It was too much for Kili to all wave off politely. He was about to protest that they shouldn't give him a key and he could just call them if they were around or else he'd get a cup of coffee downtown while he waited, when Fili talked about Vietnam and cut that line of thought short. He lit up further. "You mean you're okay with Vietnam, maybe? All right! And you can show me places you want to see, okay?"

Kili ate up contently. He looked outside the window and the sunny day and things felt like they couldn't get any better. "I uh," he quieted down though, "I haven't talked to Thorin in three months either. You've been so wonderful, but I'm afraid how he's going to take it. I didn't exactly let him know I was dropping by, either."

"I'm sure he'll be overjoyed to see you, Kili," Fili told him, taking his plate to the sink. "He was devastated when you left Tuscany. He didn't say anything, of course, but, well, I could tell. Give him my best while you're there, will you? Let him know that Mum and I are all right?"

Kili nodded. He enjoyed the little time he had to watch Fili and his mum, and how they acted around each other, but soon he got up and excused himself. If he didn't go now, he wouldn't go all day, and he had told himself he had to.

He didn't return until early in the evening. When it was six, he sent a message stating he was on his way. Kili didn't know whether Fili and his mother expected him there for dinner—he had quite lost track of time when Dwalin had cornered him as he was about to leave and they had gone for a drink to catch up.

"Sorry," he said in his message in the bus, "all yours again tonight. How did the gallery go?"

"Swimmingly," Fili sent back. "They love her, and her work. Can we all get dinner this evening if you aren't too tired?"

"Out?" Kili bit his lip as he looked at the short message. He added, "I'd like that. Are you sure it's not too much trouble?" The bus rounded the corner before his stop and he put his phone away in order not to miss it. Kili hadn't been in this part of town a lot. He waited with a good tension building up in his stomach, got off, and looked around. To his embarrassment he had no idea which way to go.

When Fili received a text asking for his address, he smiled. Of course Kili wouldn't know it.
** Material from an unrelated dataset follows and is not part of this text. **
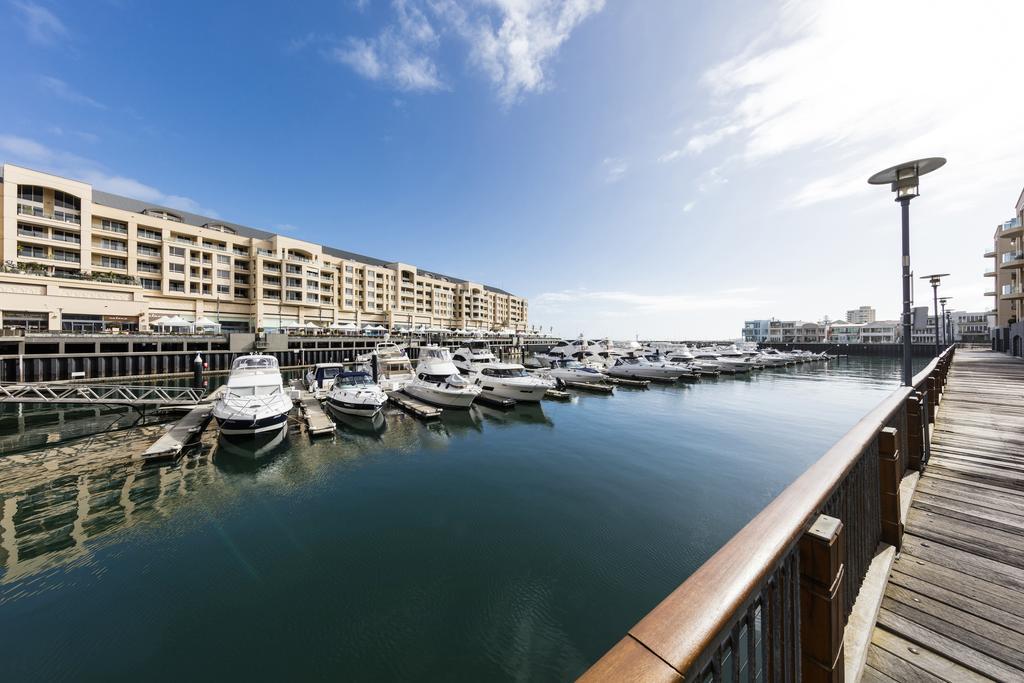 Oaks Glenelg Liberty Suites Аделаїда Екстер'єр фото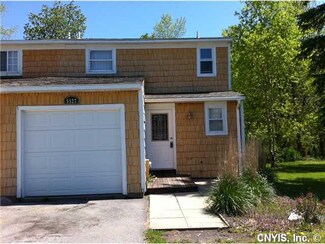 5527 Trastevere Rd, Clay, NY 13041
He was sleeping when they had arrived. And this neighborhood looked completely different during the day.

"583 Kensington," he texted back. "Red stone, marigold colored trim."

When Kili got to the house, Fili and Lena were just getting situated in the car.

"I hope you're hungry," Fili smiled.

"Already?" Kili walked faster the last few yards. "I went for a drink with Dwalin. Things uh, got later than expected. Thorin said he wanted to see you again sometime." Kili said that with less confidence, but he smiled at Fili's mother as if it didn't phase him. "Have you got something in mind?"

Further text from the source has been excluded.